— EXERCISE DIRECTIONS —
Print out the data precisely as it appears here, with no pictures.

— DATASET SECTION —
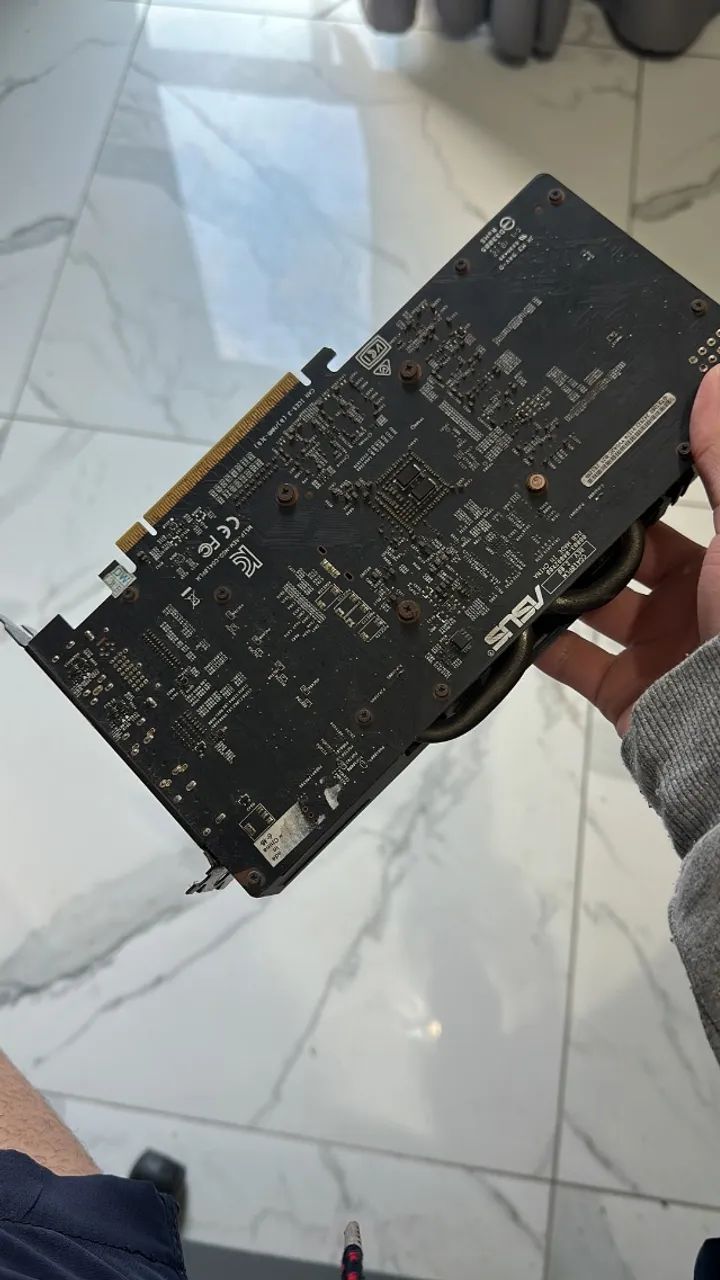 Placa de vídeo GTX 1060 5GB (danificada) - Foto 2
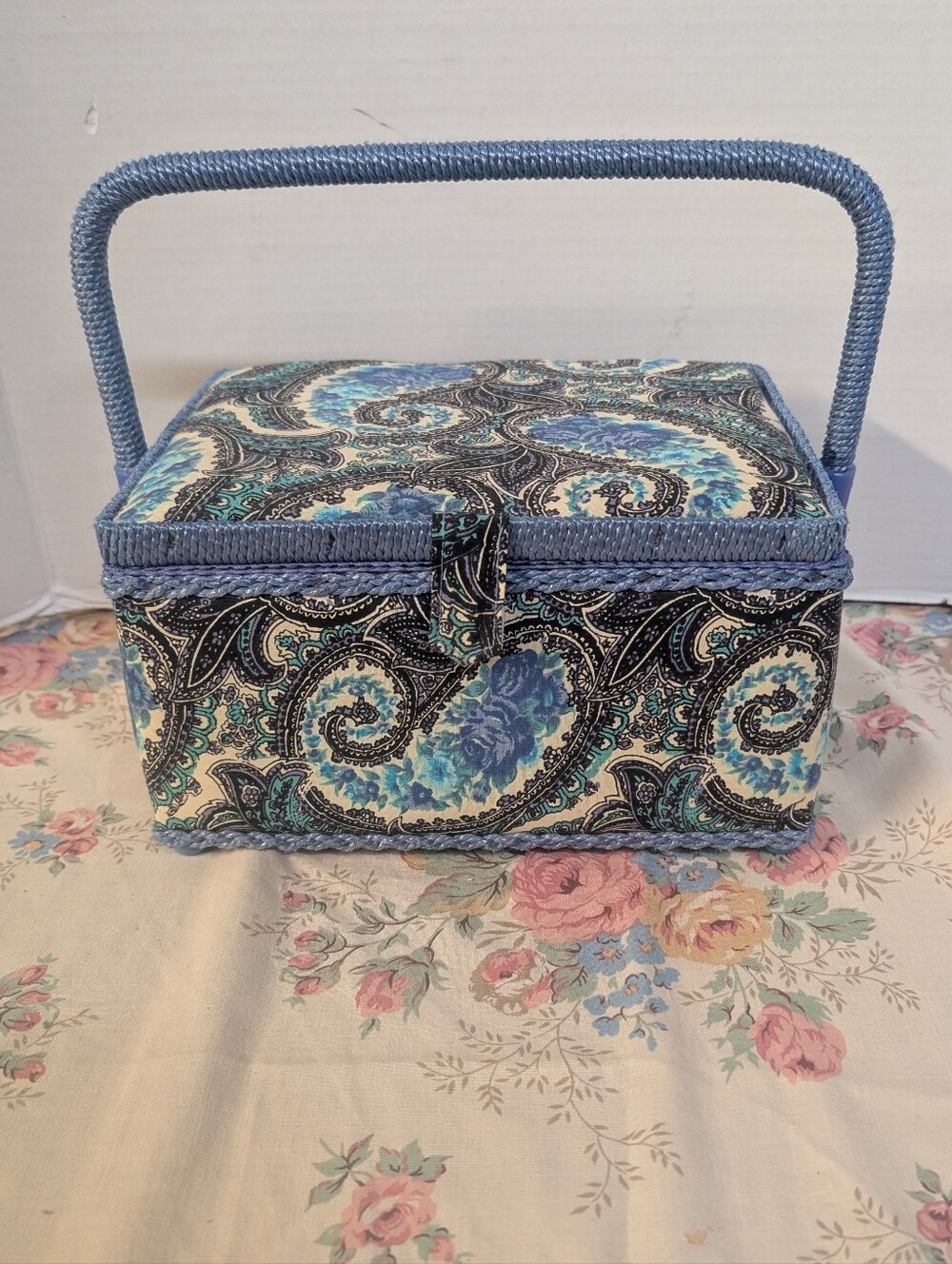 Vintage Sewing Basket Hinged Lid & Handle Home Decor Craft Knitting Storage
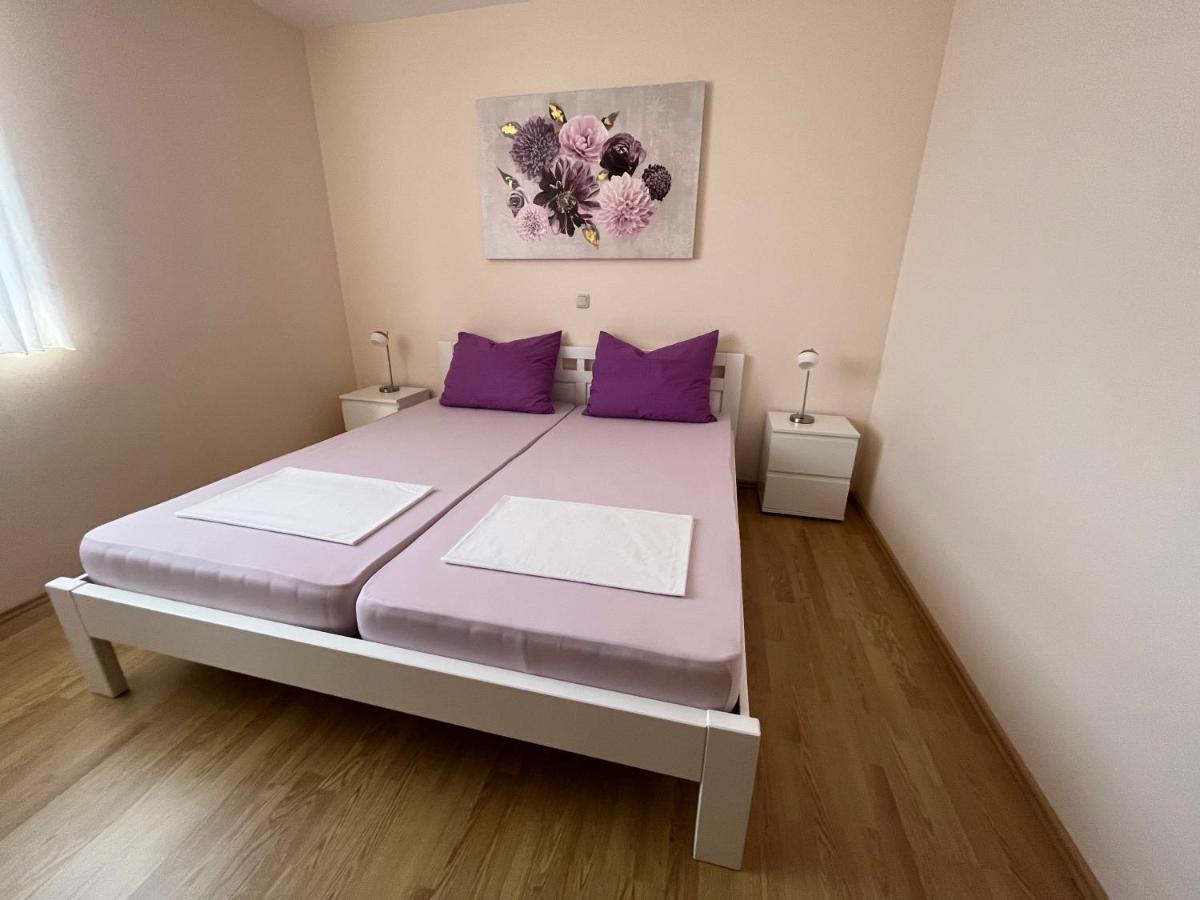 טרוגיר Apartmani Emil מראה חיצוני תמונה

— WRITTEN RESPONSE —
 Placa de vídeo GTX 1060 5GB (danificada) - Foto 2
 Vintage Sewing Basket Hinged Lid & Handle Home Decor Craft Knitting Storage
 טרוגיר Apartmani Emil מראה חיצוני תמונה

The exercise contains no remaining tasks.